ファーザーのるるびっちのレビュー・感想・評価

ファーザー(2020年製作の映画)
4.4
認知症の世界を体感できるよう、当事者の視点で描かれる。
自分が自分であるというアイデンティティを確立できるのは、昨日の自分と今日の自分が同じという確信があるからだ。
認知症になると、その確信が端の方から崩れていく。
目の前にいる男が誰か解らない。娘の夫と言われれば信じるしかない。しかしそこには不安が残る。やがて娘の顔も別人に見えてくるのだ。

住んでいるのが自分の家という確信すら怪しい。
全てが迷宮のようだ。
そうした不安を当事者目線で描いているので観客も混乱していく。これが来るべき世界なのか。
来るべき未来はSF的な物ではなく、確信の持てない不安だけのものになっていく。『去年マリエンバードで』の世界に紛れ込んだようだ。
90分でもイライラする古い映画なのに、残りの人生ずっとマリエンバードだったら耐えられない。

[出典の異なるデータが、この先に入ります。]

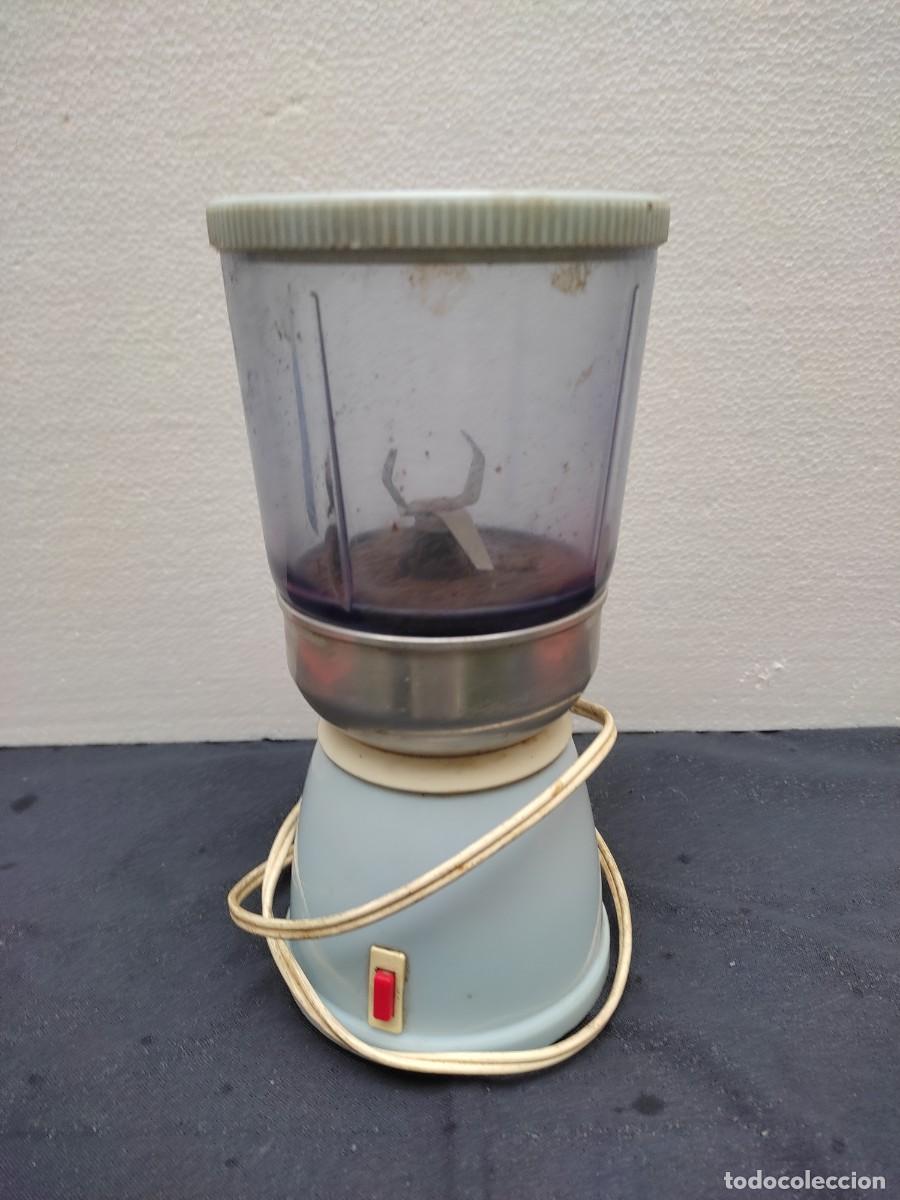 Vintage: molinillo de cafe electrico de color azul - Elaul - vintage - a&ntilde;os 60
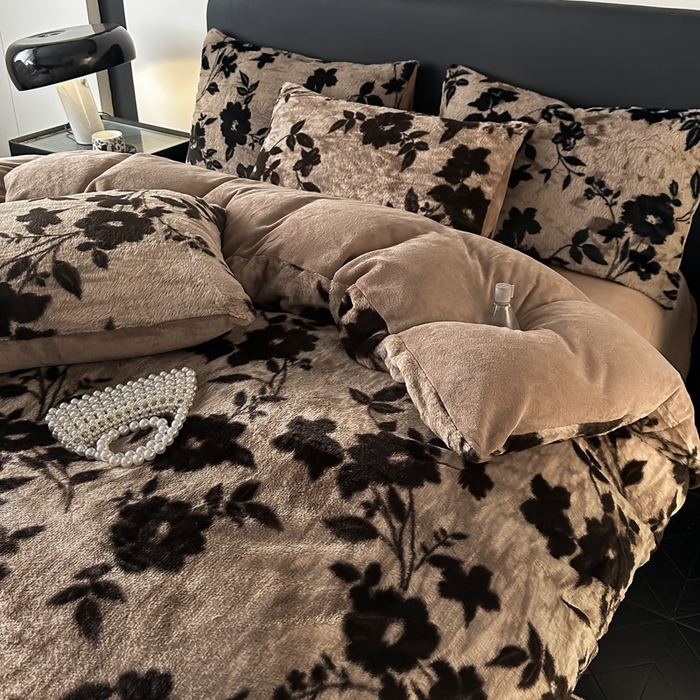 91家纺网 家纺一手货源 找家纺 居易简 2025新款亲肤保暖皮草绒牛奶绒AB面美拉德抽条兔毛绒四件套 简爱时尚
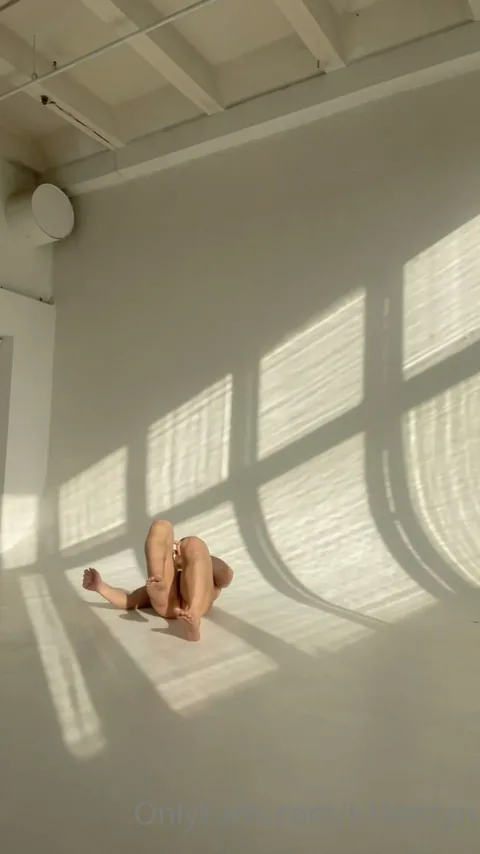 Konstantin Kostin Strips in Lingerie & High Heels, Bathroom Striptease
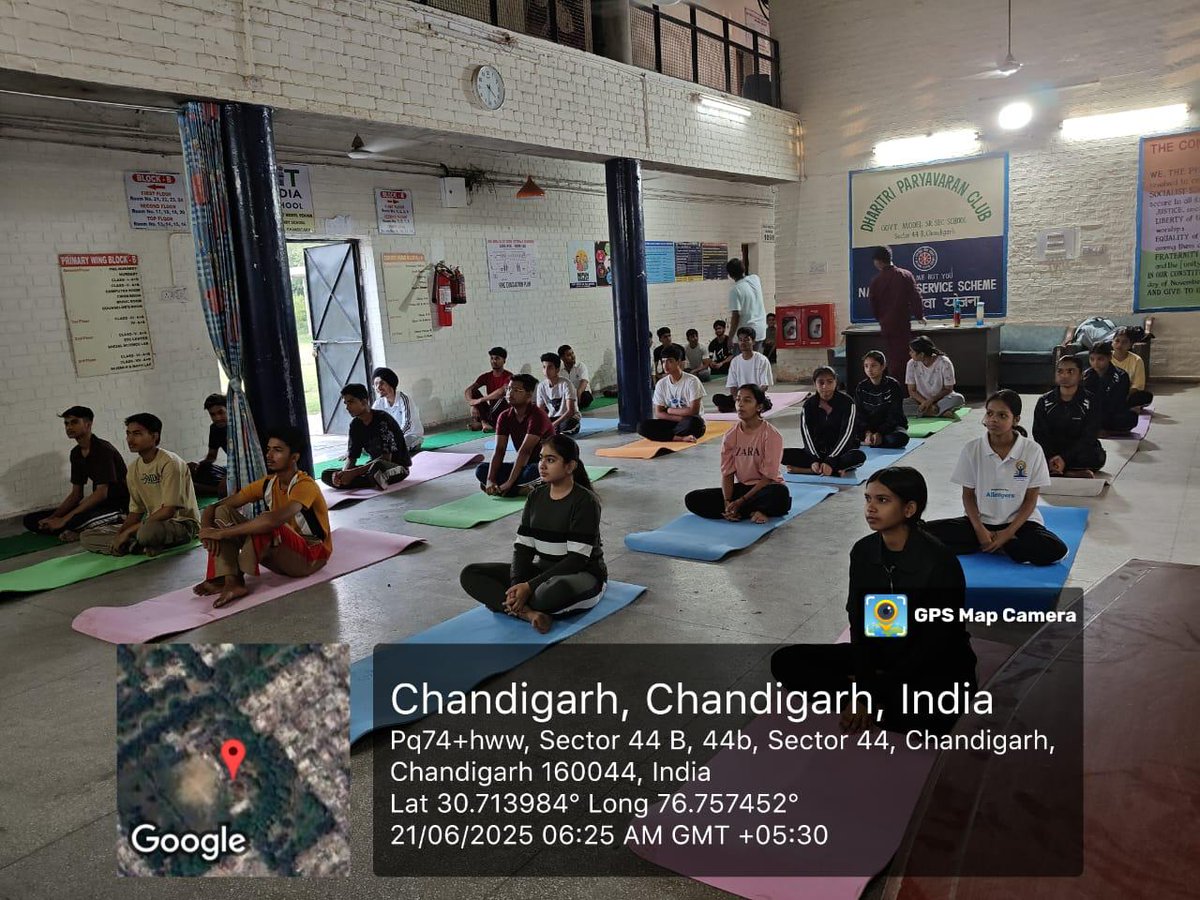 gmsss44's tweet photo. YOGA DAY CELEBRATION IN GMSSS44 https://t.co/1W5ccjL4aq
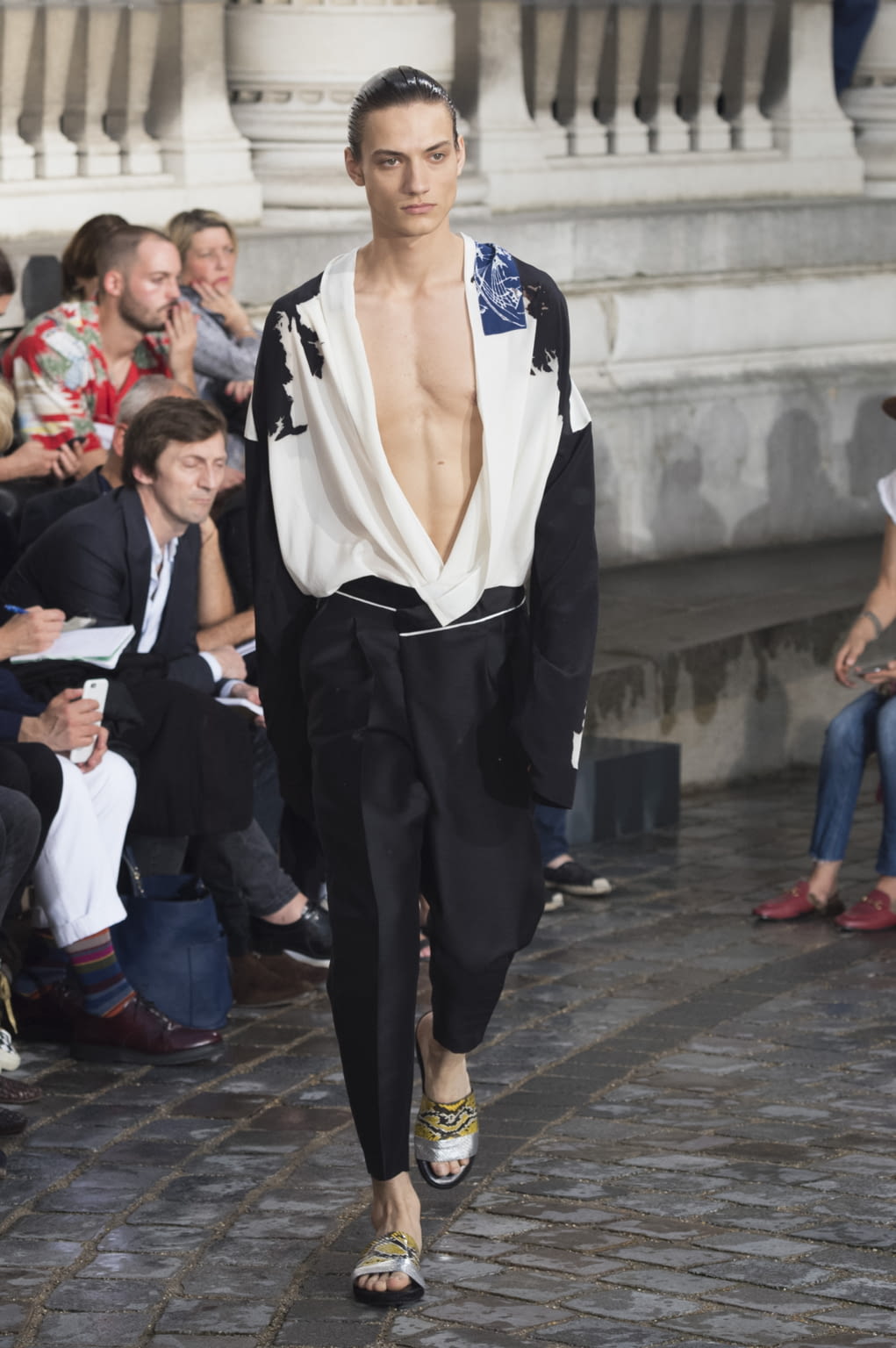 Fashion Week Paris Spring/Summer 2017 look 31 de la collection Haider Ackermann menswear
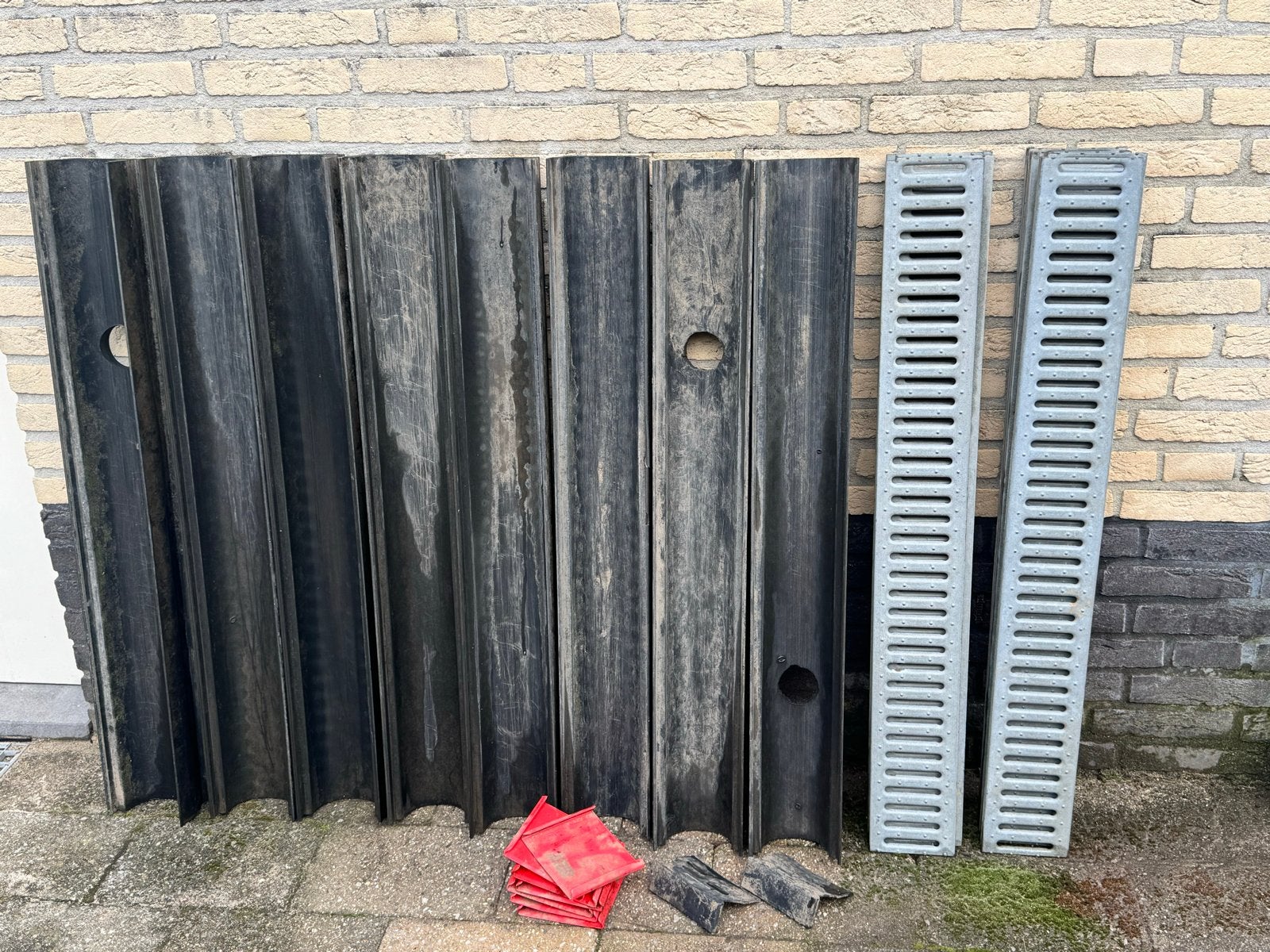 8m ACO Afvoergoot / Lijngoot + Verzinkt Rooster & Kappen, Ophalen, Gebruikt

そうした一人称の主観映像で描いてるにも関わらず、ちゃんと娘の側のドラマも描いている。
娘は父を捨てて、新しい男と旅立っていくことに罪悪感を覚えている。また妹と違い、父のお気に入りではないことへの恨み、又は劣等感のようなものも感じている。
それらが歪んだ世界からおぼろげに見えてくる。

今後は夢オチに代わって、認知症オチ作品が増えそうだ。
例えば毎日同じことがループしたり、誰が誰だか分からない不条理だったり、エイリアンの侵入だったり、謎の亡霊に取り憑かれたりとかそういったミステリアスで不可解な謎の現象が次々起り、最終的には認知症だったというオチで全てOK という映画が続出する気がする。

早いもん勝ちで、今のうちにSF だと思ったら実は認知症でしたみたいなの作っちゃえばいい。
少年が謎の冒険を続けている。ここは一体どこ?
と、思ったら実は認知症のおじいさんの妄想でした。
但しそれは海外ドラマの場合で、日本で認知症を従来の家族ドラマ以外の文脈で描くのは難しい。
日本はITと同じく、その辺は遅れているのだ。

しかし、作り手の感覚が悲観的すぎる。
相手が誰か解らなかったり、どこに居るか解らないことを楽しめばいいじゃないか。
日替わりで違う顔の娘が出てきたら、娘が一杯いるみたいで楽しい。
年を取るということは、それらを楽しむだけの幅の広さを持つことだろう。いつまでも童貞みたいに不安に慄いてどーする。いい歳をして。